The disciples were not satisfied with each other’s answers, so they asked Jesus about who is the greatest in the Kingdom of Heaven. Imagine them in their later years looking back at how immature their understanding was.

Jesus in v2 and v3 does not say that it is completely wrong to even think about being great in God’s kingdom, but He uses it as an opportunity to tell them how radically different things are in God’s kingdom. He brings a child into the conversation and sets the child in their midst. He reveals to them that unless you are changed and become like this child you cannot even enter the Kingdom of God! In other words, their thinking was completely off track.

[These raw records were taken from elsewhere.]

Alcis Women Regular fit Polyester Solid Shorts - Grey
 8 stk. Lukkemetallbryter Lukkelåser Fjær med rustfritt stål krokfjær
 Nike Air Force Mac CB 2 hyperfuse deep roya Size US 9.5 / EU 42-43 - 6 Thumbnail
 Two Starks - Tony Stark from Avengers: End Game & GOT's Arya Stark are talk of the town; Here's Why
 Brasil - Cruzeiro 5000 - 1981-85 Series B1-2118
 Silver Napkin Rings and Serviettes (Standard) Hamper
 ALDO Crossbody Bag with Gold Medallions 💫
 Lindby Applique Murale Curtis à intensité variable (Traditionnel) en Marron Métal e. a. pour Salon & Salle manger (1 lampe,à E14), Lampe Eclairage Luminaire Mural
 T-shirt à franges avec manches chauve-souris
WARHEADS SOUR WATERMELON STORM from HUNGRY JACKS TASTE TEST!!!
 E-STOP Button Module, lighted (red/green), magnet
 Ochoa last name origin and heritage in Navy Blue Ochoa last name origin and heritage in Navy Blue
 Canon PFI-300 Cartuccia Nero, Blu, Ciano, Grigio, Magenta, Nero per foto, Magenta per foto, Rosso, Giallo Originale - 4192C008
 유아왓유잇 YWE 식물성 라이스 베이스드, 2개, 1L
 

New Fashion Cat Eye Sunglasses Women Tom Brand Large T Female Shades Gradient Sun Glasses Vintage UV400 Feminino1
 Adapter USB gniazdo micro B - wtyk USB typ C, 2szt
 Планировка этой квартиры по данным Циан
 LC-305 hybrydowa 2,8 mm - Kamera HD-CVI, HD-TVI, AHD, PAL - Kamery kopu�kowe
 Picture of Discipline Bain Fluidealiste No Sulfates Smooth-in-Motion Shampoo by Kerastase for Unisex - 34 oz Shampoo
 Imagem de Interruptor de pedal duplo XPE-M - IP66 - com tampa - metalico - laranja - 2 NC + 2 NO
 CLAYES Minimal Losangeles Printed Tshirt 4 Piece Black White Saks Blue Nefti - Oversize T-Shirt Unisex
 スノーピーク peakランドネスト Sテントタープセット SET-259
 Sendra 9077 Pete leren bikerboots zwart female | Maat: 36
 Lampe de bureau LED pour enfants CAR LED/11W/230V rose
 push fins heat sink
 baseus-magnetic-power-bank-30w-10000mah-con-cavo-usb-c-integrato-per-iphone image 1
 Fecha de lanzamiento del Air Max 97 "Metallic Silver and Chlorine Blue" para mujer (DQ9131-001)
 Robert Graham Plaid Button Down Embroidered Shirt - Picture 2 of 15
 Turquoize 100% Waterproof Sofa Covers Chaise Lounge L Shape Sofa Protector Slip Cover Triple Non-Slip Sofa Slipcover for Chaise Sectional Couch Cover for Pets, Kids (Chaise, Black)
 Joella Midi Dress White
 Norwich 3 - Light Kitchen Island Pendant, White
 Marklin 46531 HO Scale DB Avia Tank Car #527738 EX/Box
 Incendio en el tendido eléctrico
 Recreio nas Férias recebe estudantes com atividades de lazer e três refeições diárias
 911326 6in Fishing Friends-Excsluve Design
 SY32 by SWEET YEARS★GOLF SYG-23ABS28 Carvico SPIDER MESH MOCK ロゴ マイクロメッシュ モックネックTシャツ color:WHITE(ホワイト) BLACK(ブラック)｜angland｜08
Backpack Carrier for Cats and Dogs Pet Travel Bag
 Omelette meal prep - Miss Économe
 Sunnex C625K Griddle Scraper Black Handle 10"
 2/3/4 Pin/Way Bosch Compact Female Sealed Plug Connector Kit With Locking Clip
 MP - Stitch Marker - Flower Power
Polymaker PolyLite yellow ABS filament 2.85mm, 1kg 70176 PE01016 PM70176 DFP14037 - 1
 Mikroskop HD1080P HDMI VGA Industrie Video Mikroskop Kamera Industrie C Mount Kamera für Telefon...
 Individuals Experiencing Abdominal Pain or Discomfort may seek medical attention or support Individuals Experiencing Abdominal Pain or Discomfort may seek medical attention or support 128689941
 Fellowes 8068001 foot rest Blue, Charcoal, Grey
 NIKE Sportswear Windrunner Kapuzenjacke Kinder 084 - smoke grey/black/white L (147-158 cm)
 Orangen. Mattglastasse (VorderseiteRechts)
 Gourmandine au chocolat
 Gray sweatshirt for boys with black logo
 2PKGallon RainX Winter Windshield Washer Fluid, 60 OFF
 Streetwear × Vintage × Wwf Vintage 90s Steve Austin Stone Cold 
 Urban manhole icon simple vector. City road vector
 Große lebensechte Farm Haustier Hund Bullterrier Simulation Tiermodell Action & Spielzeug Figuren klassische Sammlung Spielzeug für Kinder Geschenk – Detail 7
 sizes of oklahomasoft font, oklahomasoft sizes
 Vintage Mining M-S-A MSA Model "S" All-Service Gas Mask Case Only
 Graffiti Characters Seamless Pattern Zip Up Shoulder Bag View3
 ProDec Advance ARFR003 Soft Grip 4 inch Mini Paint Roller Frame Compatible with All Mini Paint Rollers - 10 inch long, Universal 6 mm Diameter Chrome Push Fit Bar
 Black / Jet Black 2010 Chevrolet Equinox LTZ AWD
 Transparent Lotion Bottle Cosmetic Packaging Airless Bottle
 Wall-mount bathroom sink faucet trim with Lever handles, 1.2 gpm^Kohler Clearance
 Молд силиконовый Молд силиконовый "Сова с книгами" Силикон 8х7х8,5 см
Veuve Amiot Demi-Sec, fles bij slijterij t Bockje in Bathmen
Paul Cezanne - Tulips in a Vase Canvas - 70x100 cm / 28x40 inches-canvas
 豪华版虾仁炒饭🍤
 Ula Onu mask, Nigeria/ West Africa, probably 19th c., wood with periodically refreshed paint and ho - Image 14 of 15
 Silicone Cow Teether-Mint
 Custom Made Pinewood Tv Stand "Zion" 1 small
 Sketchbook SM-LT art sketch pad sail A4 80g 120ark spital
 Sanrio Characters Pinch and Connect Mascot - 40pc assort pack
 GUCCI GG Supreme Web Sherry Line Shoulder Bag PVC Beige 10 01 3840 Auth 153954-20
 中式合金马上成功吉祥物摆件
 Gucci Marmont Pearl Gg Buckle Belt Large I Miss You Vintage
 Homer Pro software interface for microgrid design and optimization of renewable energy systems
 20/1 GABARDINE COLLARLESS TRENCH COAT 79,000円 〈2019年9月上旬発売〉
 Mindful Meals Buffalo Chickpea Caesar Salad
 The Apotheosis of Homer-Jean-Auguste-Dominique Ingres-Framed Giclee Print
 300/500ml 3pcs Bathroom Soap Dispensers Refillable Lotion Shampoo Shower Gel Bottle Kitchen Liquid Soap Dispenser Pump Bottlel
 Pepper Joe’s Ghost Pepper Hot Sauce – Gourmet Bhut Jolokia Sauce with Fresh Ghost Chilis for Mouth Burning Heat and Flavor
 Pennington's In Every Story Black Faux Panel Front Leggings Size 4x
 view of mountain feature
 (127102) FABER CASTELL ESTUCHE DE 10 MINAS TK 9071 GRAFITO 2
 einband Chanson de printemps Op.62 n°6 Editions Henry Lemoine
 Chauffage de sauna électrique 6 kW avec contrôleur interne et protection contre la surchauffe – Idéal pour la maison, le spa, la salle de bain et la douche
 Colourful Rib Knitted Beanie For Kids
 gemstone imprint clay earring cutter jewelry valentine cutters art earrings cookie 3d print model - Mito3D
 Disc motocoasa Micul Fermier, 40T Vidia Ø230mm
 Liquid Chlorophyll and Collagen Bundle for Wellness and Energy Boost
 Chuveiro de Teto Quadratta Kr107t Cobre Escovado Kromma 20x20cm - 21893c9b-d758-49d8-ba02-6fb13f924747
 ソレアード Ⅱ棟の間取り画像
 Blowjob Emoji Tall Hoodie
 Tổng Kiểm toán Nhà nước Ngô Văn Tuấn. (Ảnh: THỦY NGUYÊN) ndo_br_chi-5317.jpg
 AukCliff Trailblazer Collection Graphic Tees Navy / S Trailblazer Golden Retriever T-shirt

They were anticipating an earthly take over by Christ and a distribution of offices, provinces, name and fame. In a sharp contrast, Jesus says unless you become like this child you are not even entering the Kingdom.

Children in the middle east were not the center of the family and social structure. They were not the leading contributors to the advancement of the family, but rather a responsibility to be constantly looked after. They were at the lowest social standing and status. So, Jesus is reminding the disciples about what He had taught in Matthew 5:3 about being “poor in spirit.”

God’s grace and new birth gives us a new realization of our spiritual bankruptcy and we are willing to acknowledge our neediness and lowly state in God’s eyes. Dear reader, do you realize that you cannot contribute anything in your salvation and that God alone in Christ by the work of Spirit can save you? Your worth is not in yourself but in Christ.

After having shocked the disciples with how radically different the Kingdom of God is, Christ does give some indication about who is the greatest in the Kingdom of Heaven in v3. The ones who have been humbled by grace and who continue to position themselves as servants of even the least of the saints are the greatest in the Kingdom of Heaven.

How radically different this is from the world’s way of looking at greatness. But this answer from Jesus is consistent with our Lord’s attitude,  who, although He existed in the form of God, did not regard equality with God a thing to be grasped  but emptied Himself, taking the form of a bond-servant, and being made in the likeness of men.  Being found in appearance as a man, He humbled Himself by becoming obedient to the point of death, even death on a cross.” Philippians  2:6-8 

There is a great challenge and struggle in our Christian lives as we are constantly tempted to want to be served and to be the center of attention. This attitude of wanting to be great in the worldly sense causes divisions and heartaches in the body. But there is great hope in Christ and His resurrection power.

From beginning to end, the Bible is about God’s great covenant love for us in Christ our Servant Mediator (Isaiah 53). From ages past, Christ agreed to be our last Adam; In the fulness of time, both by His active and passive obedience, He served us by paying our ransom and becoming our righteousness.

Furthermore, even in His state of exaltation, He continues to intercede for us and has promised to build a mansion for us and return for us. This kind of love and faithfulness revealed in the gospel is able to humble us and makes us grateful and thankful.

It frees us and makes us want to embrace the position of a servant in the house of God. Therefore, there is no substitute for a believer to be part of a gospel-preaching local church, partake of the gospel-showcasing ordinances, and be regularly humbled by the Law, while also being cleansed, restored and made grateful by the gospel. This is the secret of the pathway to true greatness in the Kingdom of God.